**EXERCISE GOAL**
Give all the lines below again, exactly, with no pictures.

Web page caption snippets
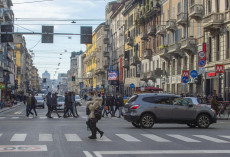 Una via del centro di Milano durante il fine settimana.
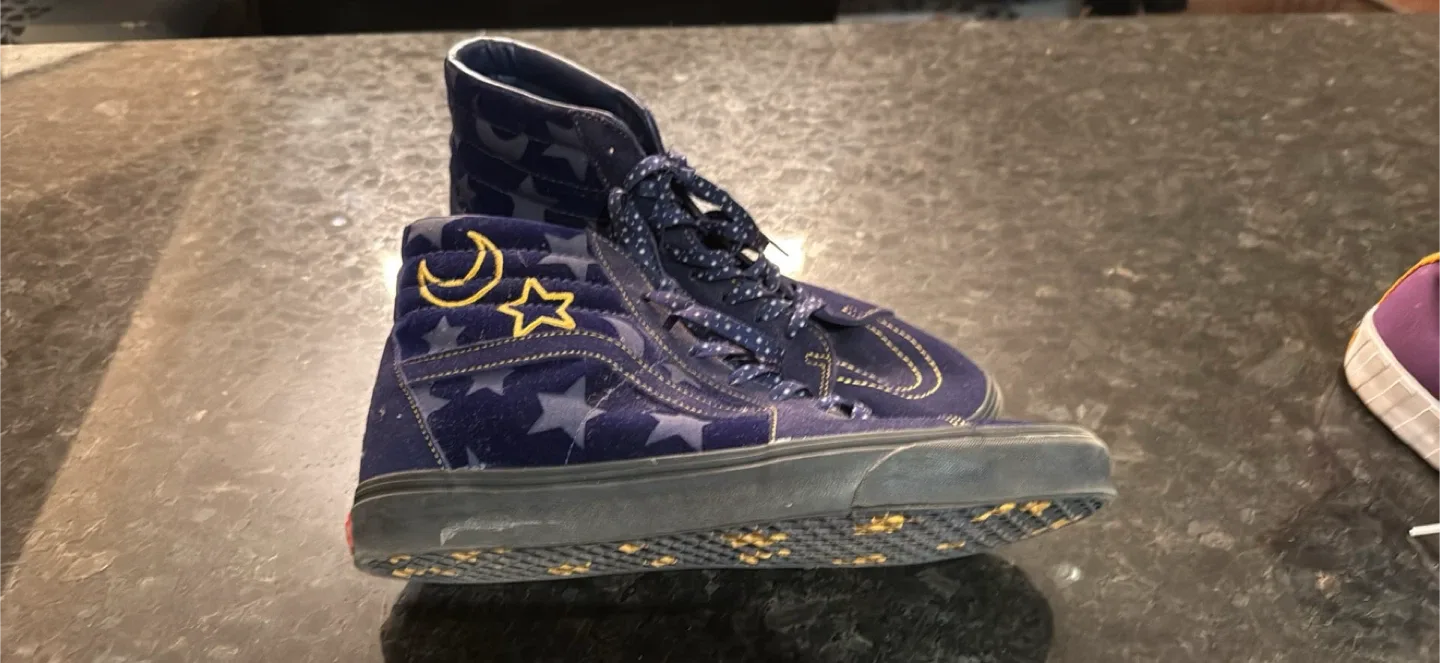 Men’s Disney Vans image indicator(2)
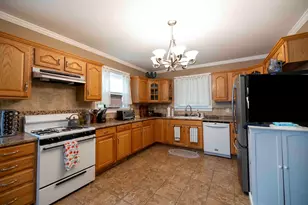 54 Arizona St, Fall River, MA 02721 - Photo 8
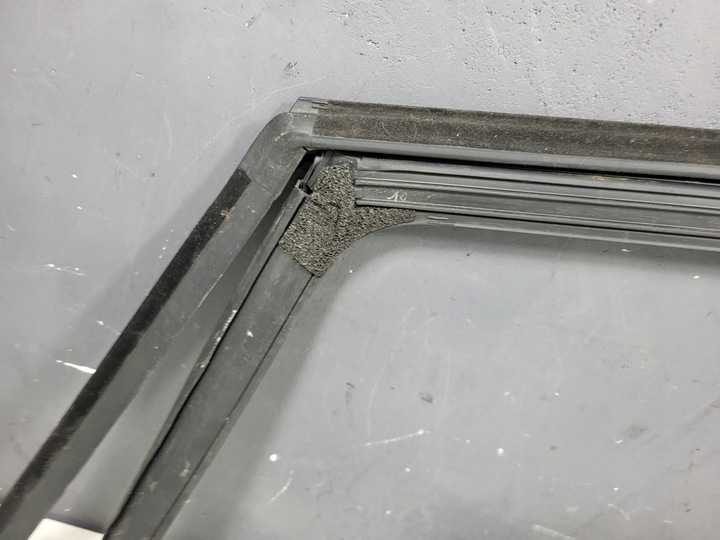 фото №8, Peugeot 508 sw i 10-13 планка прокладка дверь левый зад хром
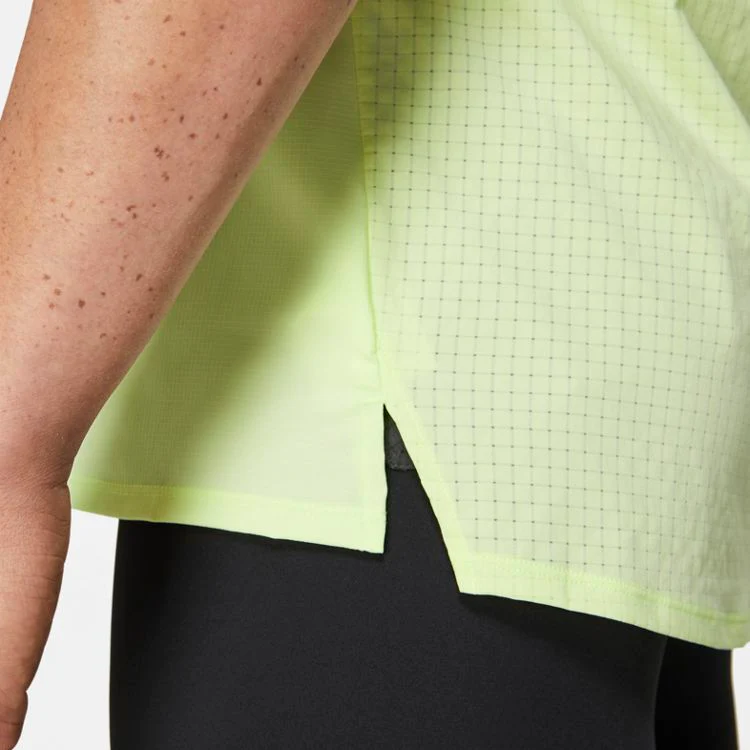 NIKE DRI-FIT TRAIL RISE 365 T-SHIRT - Image 5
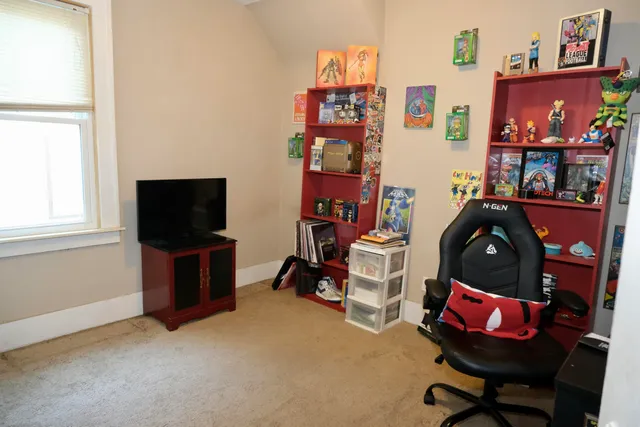 $159,000 | 13742 Hobart Avenue, Warren, MI 48089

**SOLUTION TO THIS TASK**
 Una via del centro di Milano durante il fine settimana.
 Men’s Disney Vans image indicator(2)
 54 Arizona St, Fall River, MA 02721 - Photo 8
 фото №8, Peugeot 508 sw i 10-13 планка прокладка дверь левый зад хром
 NIKE DRI-FIT TRAIL RISE 365 T-SHIRT - Image 5
 $159,000 | 13742 Hobart Avenue, Warren, MI 48089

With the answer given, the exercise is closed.